En ces temps estivaux, cette immersion rafraîchissante au cœur d'une base de loisirs de la grande banlieue parisienne aurait dû, sur le papier, parler principalement à nos camarades d'Utopia Saint-Ouen l'Aumône et Pontoise, voisins et habitués de ce rendez-vous incontournable des jeunes et des familles du coin. Mais vous auriez grand tort de vous en désintéresser tant le talentueux Guillaume Brac a su retrouver le regard d'un Renoir (Partie de campagne) ou d'un Duvivier (La Belle équipe) pour filmer avec tendresse, humour et parfois gravité les baigneurs, pique-niqueurs, joggers et autres dragueurs qui peuplent dès les beaux jours venus les plages et les sentiers des Étangs de Cergy-Neuville, aux abords de la ville nouvelle de Cergy-Pontoise.
« L'île de loisirs de Cergy » (c'est le nouveau nom, plus chic que la « base ») est un monde immense : 250 hectares, six étangs reliés entre eux qui font de l'endroit la destination privilégiée des Val d'oisiens voire des Franciliens qui veulent se baigner, pique-niquer, simplement marcher et flâner à l'ombre ou s'adonner aux diverses activités de plein air. L'été, et c'est cela aussi la jolie dimension du film, c'est le point de rencontre de toutes celles et tous ceux – ils sont nombreux dans la région –, qui n'ont pas les moyens de partir en vacances. Un lieu créé au début des années 1970 quand la ville nouvelle, bâtie au milieu des champs en lieu et en place d'anciens villages, croissait à une vitesse exponentielle. Guillaume Brac était venu quelques fois enfant à Cergy et ça l'avait marqué, lui qui s'intéresse énormément aux lieux qui façonnent le destin des gens : son premier film, Un monde sans femme, était construit autour de la petite station balnéaire picarde d'Ault ; son deuxième, Tonnerre, était inspiré par la petite cité bourguignonne du même nom.

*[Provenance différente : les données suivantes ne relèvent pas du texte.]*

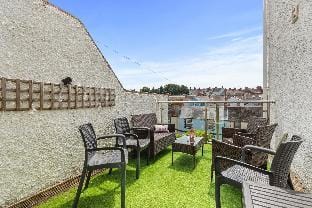 The Pennines - Close to town, beach and shops Vacation rental in Wales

Le film débute par une scène amusante, digne des aventures de Tom Sawyer : une bande de gamins d'Argenteuil (ce n'est pas la porte à côté !) se fait refouler parce qu'ils ont moins de 15 ans et qu'ils ne sont pas accompagnés. Qu'à cela ne tienne, ils vont franchir un bras de rivière en devisant sur les risques qu'ils courent, la prison peut-être… pour se retrouver nez-à-nez avec des vigiles débonnaires qui les ont repérés dès le début… Il y aura aussi les scènes de drague loin des clichés sur la banlieue, car évidemment le bord d'un plan d'eau l'été, c'est le lieu des amours plus ou moins durables : on ne peut s'empêcher de penser que L'Amie de mon amie, tourné il y a trente ans non loin de là par Eric Rohmer, a sans doute influencé Guillaume Brac. On n'oubliera pas le sourire solaire du moniteur de pédalos beau comme un dieu grec qui permet à deux filles de profiter des activités nautiques au crépuscule, une fois tous les visiteurs partis…
Mais le film sait aussi être plus grave en montrant et en défendant la diversité et la solidarité des classes populaires qui fréquentent ou travaillent dans le lieu, avec cette famille de réfugiés afghans dont le père raconte son pays bouleversé, évoquant le jour terrible où il a frôlé l'exécution, ou ce professeur guinéen qui raconte les persécutions qu'il a subies : aujourd'hui il est le gardien nocturne de l'Ile… En cela le regard de Guillaume Brac est autant poétique que politique, tissant au montage un écheveau délicat entre l'intime et le social.